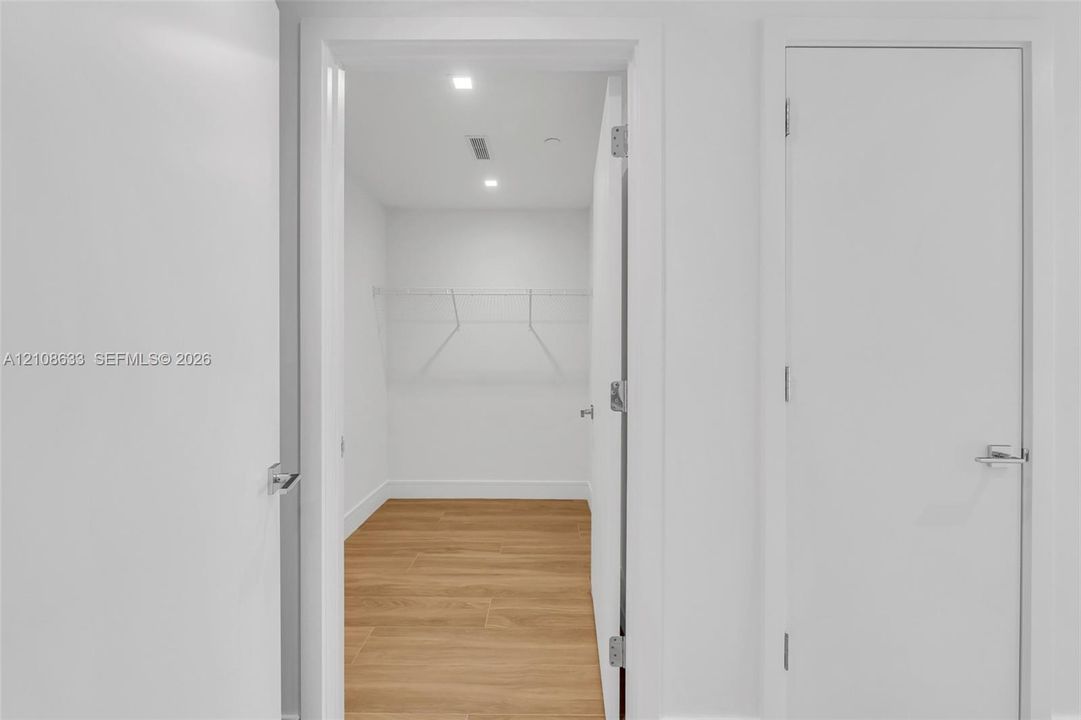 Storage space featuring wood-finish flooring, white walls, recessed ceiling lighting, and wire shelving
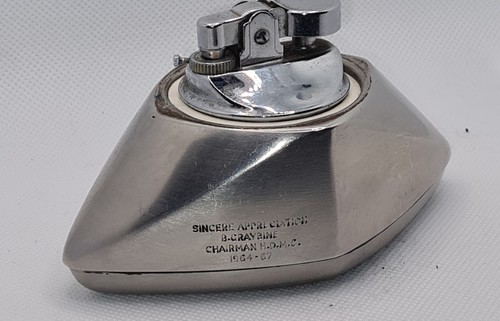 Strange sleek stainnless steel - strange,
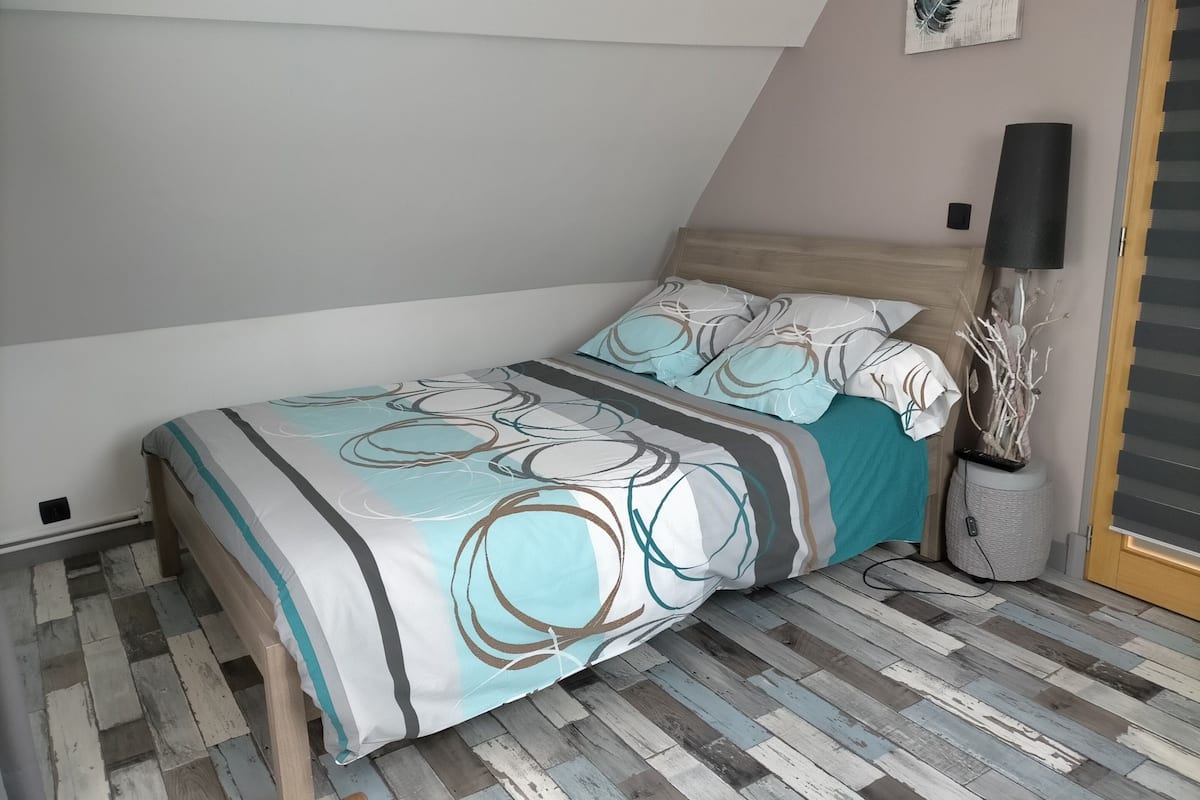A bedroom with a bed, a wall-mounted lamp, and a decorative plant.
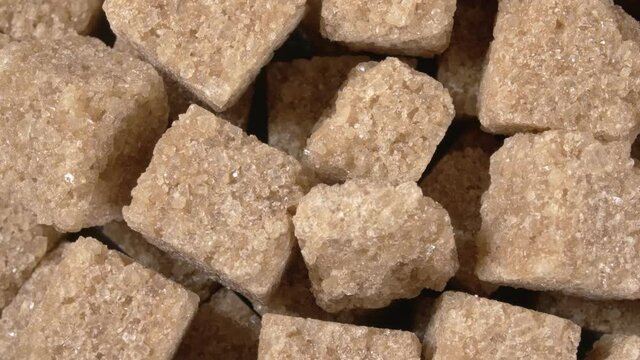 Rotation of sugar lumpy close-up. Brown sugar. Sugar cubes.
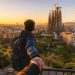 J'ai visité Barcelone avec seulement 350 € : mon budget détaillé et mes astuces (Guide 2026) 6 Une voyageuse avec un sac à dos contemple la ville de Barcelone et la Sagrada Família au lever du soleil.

..........

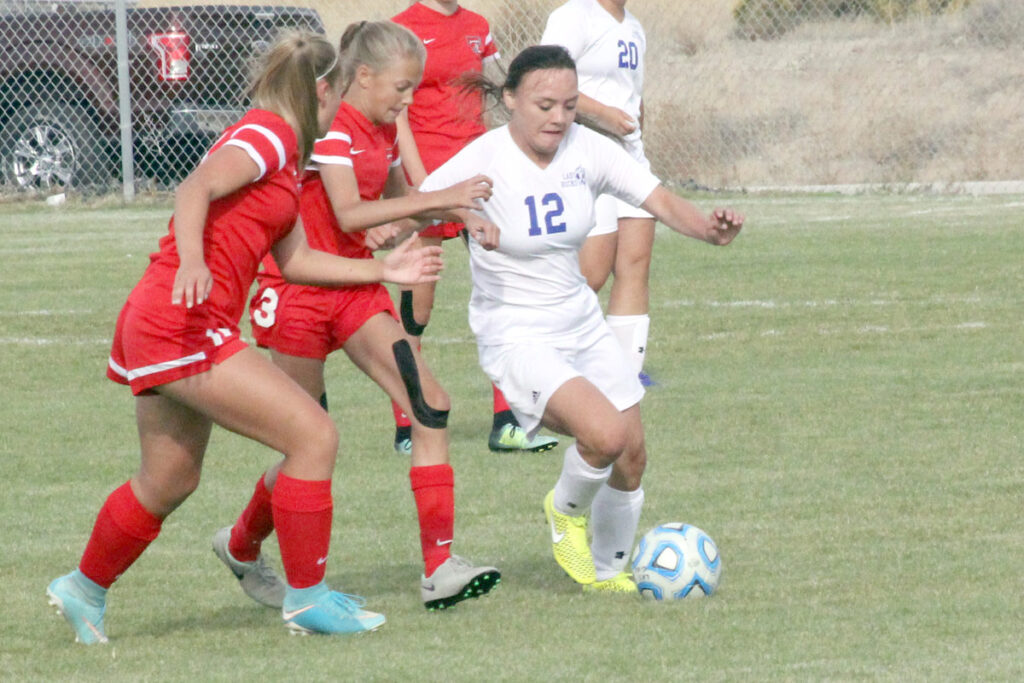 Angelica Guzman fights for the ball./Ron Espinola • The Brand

..........

### DESCRIPTION OF THE TASK:
Produce an exact reproduction of the listing above, limited to the lines starting at the line with "Storage space featuring" and ending at the line with "Rotation of sugar", both kept, with every picture left out.

### RESULT OF THE EXERCISE:
 Storage space featuring wood-finish flooring, white walls, recessed ceiling lighting, and wire shelving
 Strange sleek stainnless steel - strange,
A bedroom with a bed, a wall-mounted lamp, and a decorative plant.
 Rotation of sugar lumpy close-up. Brown sugar. Sugar cubes.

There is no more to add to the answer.